In the current study using a tRNA qRT‐PCR array, the expression profiles of tRNA in LSCC and normal tissues were found to differ. Consistent with the profiling result, the present study confirmed the lower expression levels of tRNAIni CAT in LSCC tissue and plasma samples (Figure 2A,B). More importantly, we first identified its potential diagnostic value. As a biomarker, the AUC of tRNAIni CAT in plasma is 0.808, the sensitivity and specificity were 74.2% and 79.3%, respectively (Figure 2C). Then we explored its impact on LSCC cells in vitro and in vivo. Firstly, we used a LV3‐tRNAIni CAT lentivirus to upregulate tRNAIni CAT in LSCC cells (Figure 3). The 3H‐TdR penetration test results showed that overexpression of tRNAIni CAT inhibited cell proliferation (Figure 4A). Moreover, the results of flow cytometry showed that the upregulation of tRNAIni CAT did not affect the cell cycle (Figure 4B), but boosted the cell apoptosis (Figure 4C). Lastly, we reached the same conclusion based on experiments in BALB/c mouse xenografts, tRNAIni CAT inhibited tumor growth and promoted tumor cell apoptosis in vivo. Overexpression of tRNAIni CAT significantly decreased the weight of the xenografts (Figure 5B). By pathological examination and TEM, we found that overexpression of tRNAIni CAT significantly increased tumor cell apoptosis and autophagy (Figure 5E,F).
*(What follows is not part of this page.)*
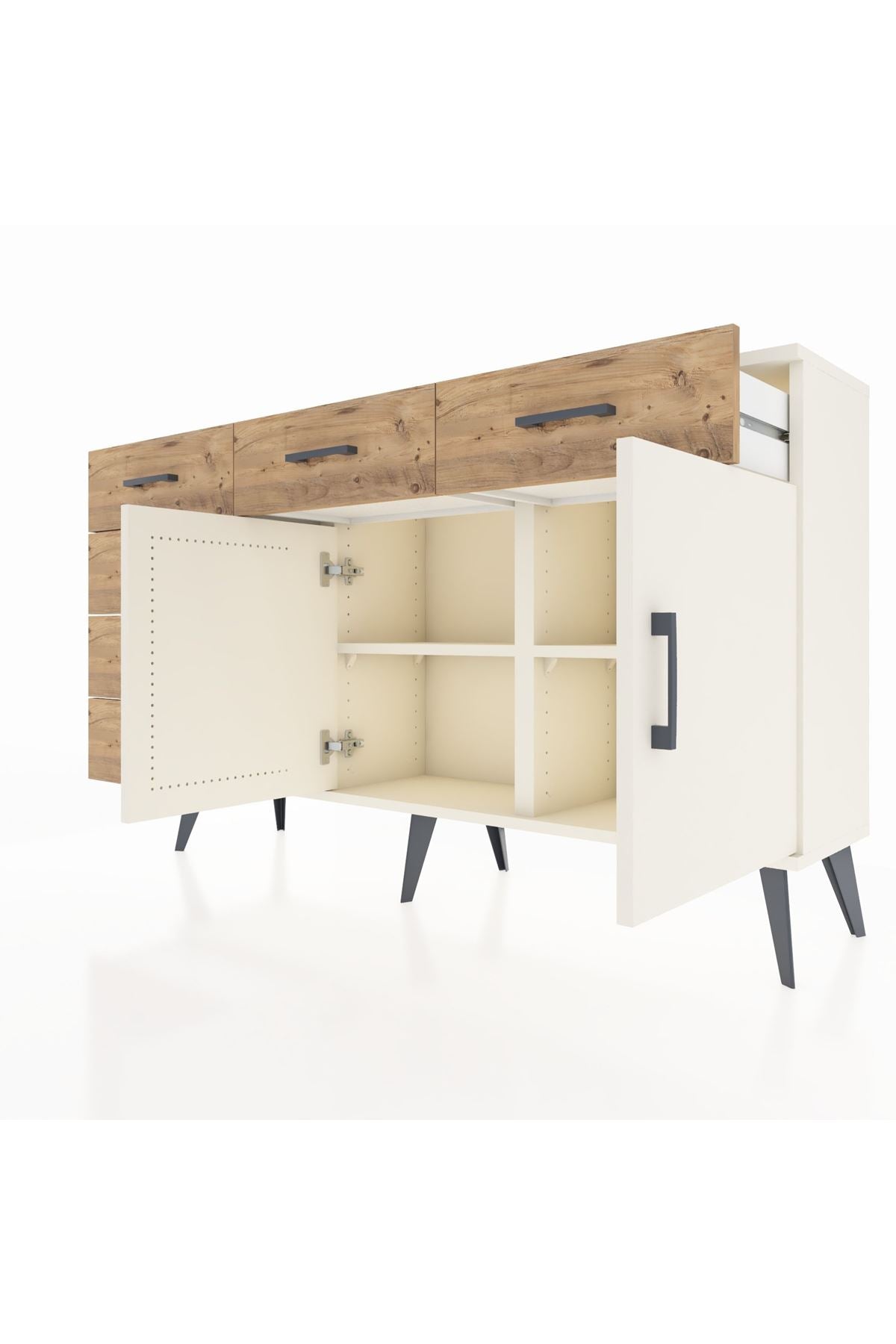 Arges Konsol 2 Raflı 6 Çekmeceli 2 Kapaklı 132x30x83 - S144M028V06A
Our research suggested that tRNA, like other ncRNA, may have regulatory functions in the process of tumor gene expression. Due to the key role of tRNA in the process of protein translation, its imbalance may lead to the imbalance of some signal proteins. The differences in tRNA expression profiles of LSCC tissues indicate that tumor cells may regulate the expression of some promoters in tumor progression by regulating tRNA levels. The results of TEM showed that the apoptosis of xenograft cells increased significantly which implied that tRNAIni CAT may affected the expression of signaling proteins in apoptosis‐related pathways. However, this needs further research to verification.

In conclusion, our study provided a comprehensive tRNA expression spectrum for LSCC. We found that tRNAIni CAT may be used as a new biomarker for LSCC. tRNAIni CAT acted as a tumor suppressor in LSCC.

CONFLICT OF INTEREST

The authors declare no conflict of interest.